╭─ INPUT RECORDS

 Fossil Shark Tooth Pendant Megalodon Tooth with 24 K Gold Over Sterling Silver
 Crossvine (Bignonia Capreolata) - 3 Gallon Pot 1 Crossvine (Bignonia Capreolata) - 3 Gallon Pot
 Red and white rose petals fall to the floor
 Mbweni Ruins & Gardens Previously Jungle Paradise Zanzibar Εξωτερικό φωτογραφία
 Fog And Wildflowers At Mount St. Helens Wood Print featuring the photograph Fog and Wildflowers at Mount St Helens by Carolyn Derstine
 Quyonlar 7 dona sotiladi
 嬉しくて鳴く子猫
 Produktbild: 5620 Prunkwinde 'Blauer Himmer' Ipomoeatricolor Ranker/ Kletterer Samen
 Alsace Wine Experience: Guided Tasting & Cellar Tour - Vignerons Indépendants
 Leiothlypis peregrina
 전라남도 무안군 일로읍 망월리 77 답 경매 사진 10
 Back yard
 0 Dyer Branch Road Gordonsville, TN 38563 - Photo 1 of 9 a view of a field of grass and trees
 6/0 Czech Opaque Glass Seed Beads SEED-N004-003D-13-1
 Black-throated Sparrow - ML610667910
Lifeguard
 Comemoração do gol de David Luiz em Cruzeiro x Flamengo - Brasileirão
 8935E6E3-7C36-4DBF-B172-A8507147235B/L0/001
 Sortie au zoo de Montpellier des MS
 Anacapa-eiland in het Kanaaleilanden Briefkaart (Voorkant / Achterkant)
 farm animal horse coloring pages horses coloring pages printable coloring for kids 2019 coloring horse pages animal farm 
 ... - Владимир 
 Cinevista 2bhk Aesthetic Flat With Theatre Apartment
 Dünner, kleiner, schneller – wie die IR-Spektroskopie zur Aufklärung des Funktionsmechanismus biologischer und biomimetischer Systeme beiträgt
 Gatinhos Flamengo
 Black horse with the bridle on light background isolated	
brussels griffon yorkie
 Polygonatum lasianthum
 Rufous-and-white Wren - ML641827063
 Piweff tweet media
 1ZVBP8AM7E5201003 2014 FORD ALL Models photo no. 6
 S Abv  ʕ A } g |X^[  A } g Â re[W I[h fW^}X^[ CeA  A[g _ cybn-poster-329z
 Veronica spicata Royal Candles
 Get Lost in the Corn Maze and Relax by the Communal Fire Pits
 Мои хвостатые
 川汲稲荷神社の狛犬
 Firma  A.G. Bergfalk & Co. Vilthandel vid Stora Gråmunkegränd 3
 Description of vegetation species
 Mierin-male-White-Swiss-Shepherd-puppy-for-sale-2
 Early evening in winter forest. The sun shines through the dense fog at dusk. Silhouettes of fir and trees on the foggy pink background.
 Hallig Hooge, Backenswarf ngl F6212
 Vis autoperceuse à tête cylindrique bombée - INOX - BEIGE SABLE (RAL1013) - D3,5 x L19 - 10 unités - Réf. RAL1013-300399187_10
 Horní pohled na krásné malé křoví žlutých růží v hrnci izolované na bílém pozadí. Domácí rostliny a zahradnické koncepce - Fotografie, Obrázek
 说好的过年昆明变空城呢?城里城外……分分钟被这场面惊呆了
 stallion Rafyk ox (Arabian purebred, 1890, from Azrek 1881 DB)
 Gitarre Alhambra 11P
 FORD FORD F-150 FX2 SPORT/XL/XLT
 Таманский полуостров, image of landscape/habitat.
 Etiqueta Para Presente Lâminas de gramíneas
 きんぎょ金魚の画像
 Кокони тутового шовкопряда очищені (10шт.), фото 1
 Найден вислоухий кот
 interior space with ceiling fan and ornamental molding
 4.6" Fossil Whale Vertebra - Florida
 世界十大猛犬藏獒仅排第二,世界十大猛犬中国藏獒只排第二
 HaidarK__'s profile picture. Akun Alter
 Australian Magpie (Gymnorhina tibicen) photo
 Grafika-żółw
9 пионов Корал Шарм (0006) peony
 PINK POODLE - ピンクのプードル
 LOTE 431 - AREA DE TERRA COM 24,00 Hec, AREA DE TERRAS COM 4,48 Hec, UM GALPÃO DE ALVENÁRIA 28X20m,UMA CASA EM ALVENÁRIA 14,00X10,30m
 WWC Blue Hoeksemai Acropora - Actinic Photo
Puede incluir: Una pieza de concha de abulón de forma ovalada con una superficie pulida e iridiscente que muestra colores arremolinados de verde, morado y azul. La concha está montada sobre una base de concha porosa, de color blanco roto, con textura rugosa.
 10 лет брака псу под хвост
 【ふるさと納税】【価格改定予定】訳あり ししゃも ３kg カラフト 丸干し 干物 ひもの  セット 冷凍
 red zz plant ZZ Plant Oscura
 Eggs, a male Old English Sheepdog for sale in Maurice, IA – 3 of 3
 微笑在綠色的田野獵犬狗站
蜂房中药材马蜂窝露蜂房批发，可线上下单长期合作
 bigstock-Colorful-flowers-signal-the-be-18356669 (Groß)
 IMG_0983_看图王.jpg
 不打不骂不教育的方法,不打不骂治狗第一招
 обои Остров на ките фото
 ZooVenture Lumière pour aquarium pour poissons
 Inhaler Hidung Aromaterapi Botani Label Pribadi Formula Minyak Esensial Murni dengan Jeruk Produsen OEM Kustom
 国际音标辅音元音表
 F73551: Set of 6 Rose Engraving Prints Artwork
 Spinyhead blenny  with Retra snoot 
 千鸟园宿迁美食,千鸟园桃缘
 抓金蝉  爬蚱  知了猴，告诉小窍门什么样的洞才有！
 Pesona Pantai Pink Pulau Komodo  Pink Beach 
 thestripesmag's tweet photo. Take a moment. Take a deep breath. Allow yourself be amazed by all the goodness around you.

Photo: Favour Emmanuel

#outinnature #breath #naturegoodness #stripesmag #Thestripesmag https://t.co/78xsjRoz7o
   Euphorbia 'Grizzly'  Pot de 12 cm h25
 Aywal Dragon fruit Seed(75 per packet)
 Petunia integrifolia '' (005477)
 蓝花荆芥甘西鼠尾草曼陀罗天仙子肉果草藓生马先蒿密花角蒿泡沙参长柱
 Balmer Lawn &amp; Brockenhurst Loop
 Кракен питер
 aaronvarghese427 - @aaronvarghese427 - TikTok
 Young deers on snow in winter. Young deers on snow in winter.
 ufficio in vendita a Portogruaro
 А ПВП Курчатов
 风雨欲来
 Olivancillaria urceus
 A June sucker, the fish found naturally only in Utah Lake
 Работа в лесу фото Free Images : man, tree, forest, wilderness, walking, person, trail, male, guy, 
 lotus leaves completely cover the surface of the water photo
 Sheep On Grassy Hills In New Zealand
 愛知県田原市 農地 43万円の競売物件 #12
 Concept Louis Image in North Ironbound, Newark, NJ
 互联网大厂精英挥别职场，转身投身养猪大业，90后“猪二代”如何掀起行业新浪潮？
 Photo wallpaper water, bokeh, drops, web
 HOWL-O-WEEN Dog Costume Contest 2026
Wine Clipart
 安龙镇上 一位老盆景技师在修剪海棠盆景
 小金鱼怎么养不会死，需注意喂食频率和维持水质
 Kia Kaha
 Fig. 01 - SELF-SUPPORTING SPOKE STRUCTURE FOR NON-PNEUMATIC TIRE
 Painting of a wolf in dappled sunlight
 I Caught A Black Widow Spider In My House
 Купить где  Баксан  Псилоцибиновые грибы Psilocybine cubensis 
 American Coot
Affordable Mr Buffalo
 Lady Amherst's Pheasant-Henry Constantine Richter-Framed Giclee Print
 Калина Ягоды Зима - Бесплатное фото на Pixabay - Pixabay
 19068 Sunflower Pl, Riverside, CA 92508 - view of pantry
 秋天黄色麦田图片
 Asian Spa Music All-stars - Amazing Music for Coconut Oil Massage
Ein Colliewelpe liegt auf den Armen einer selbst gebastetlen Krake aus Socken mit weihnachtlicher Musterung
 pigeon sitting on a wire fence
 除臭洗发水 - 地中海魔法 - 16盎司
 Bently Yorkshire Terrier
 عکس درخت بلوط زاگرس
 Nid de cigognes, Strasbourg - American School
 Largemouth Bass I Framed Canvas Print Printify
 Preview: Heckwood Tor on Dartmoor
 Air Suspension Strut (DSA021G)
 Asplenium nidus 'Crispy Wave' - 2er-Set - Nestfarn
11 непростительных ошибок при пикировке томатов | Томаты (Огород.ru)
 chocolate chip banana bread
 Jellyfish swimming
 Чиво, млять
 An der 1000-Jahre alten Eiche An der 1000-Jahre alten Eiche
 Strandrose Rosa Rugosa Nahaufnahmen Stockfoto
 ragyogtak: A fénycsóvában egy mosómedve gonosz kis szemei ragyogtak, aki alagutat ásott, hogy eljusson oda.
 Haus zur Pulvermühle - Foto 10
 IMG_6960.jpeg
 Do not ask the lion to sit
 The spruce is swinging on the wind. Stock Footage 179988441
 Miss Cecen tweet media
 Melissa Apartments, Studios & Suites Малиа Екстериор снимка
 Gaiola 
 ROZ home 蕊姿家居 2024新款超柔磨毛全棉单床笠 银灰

╰─

[EXERCISE BRIEF]:
Could you return exactly the lines above from the line with "HaidarK__'s profile picture. Akun Alter" to the line with "WWC Blue Hoeksemai Acropora - Actinic Photo", both included, and nothing else?

[ANSWER SECTION]:
 HaidarK__'s profile picture. Akun Alter
 Australian Magpie (Gymnorhina tibicen) photo
 Grafika-żółw
9 пионов Корал Шарм (0006) peony
 PINK POODLE - ピンクのプードル
 LOTE 431 - AREA DE TERRA COM 24,00 Hec, AREA DE TERRAS COM 4,48 Hec, UM GALPÃO DE ALVENÁRIA 28X20m,UMA CASA EM ALVENÁRIA 14,00X10,30m
 WWC Blue Hoeksemai Acropora - Actinic Photo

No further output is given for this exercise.